Autour de la table, plusieurs responsables des unités opérationnelles de la police étaient réunis, notamment les commandants des commissariats urbains, des groupes mobiles d’intervention (GMI), du Groupe de lutte contre la criminalité et les stupéfiants (GLCCS) ainsi que les services des renseignements généraux. Au centre des discussions : la sécurisation des populations kinoises et la prévention de tout débordement susceptible de perturber les activités dans la capitale.
Selon les orientations données au cours de cette réunion, la police entend déployer un dispositif renforcé afin de permettre aux habitants de Kinshasa qui ne participent pas à cette manifestation de poursuivre librement leurs occupations quotidiennes. Les autorités policières assurent vouloir agir avec fermeté contre toute tentative de trouble à l’ordre public ou d’atteinte aux personnes et à leurs biens.
Le commandement de la police affirme également avoir pris l’option de neutraliser toute action qualifiée de subversive qui pourrait surgir en marge de la manifestation. Dans ses instructions aux différentes unités, le Commissaire divisionnaire Israël Kantu Bakulu a insisté sur le professionnalisme, la vigilance et la discipline des éléments engagés sur le terrain.

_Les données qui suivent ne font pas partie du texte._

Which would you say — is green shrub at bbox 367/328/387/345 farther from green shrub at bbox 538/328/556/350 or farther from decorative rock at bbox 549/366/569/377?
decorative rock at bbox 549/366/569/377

Le chef de la police de Kinshasa a notamment appelé ses hommes à intervenir rapidement contre toute personne qui tenterait de s’en prendre aux paisibles citoyens ou de semer des violences dans la ville. Cette mobilisation sécuritaire intervient dansdans un contexte politique marqué par de fortes tensions autour du débat sur la révision de la Constitution, sujet qui continue d’opposer une partie de l’opposition politique au pouvoir en place.
L’opposition qui s’oppose ouvertement à toute modification de la loi fondamentale, prévoit une mobilisation populaire pour exprimer son rejet de cette initiative. Pendant ce temps, les autorités policières veulent éviter tout scénario de violences ou de perturbations majeures dans la capitale, où chaque manifestation politique reste suivie avec une attention particulière par les services de sécurité. Kinshasa s’apprête ainsi à vivre une journée sous haute surveillance, entre exercice des libertés publiques et impératif de maintien de l’ordre.